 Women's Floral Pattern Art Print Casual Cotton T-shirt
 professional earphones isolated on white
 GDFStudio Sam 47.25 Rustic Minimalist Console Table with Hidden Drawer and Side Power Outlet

→ How to complete this task:
From the data above, give every line again exactly as it appears.

→ Answer below:
 Women's Floral Pattern Art Print Casual Cotton T-shirt
 professional earphones isolated on white
 GDFStudio Sam 47.25 Rustic Minimalist Console Table with Hidden Drawer and Side Power Outlet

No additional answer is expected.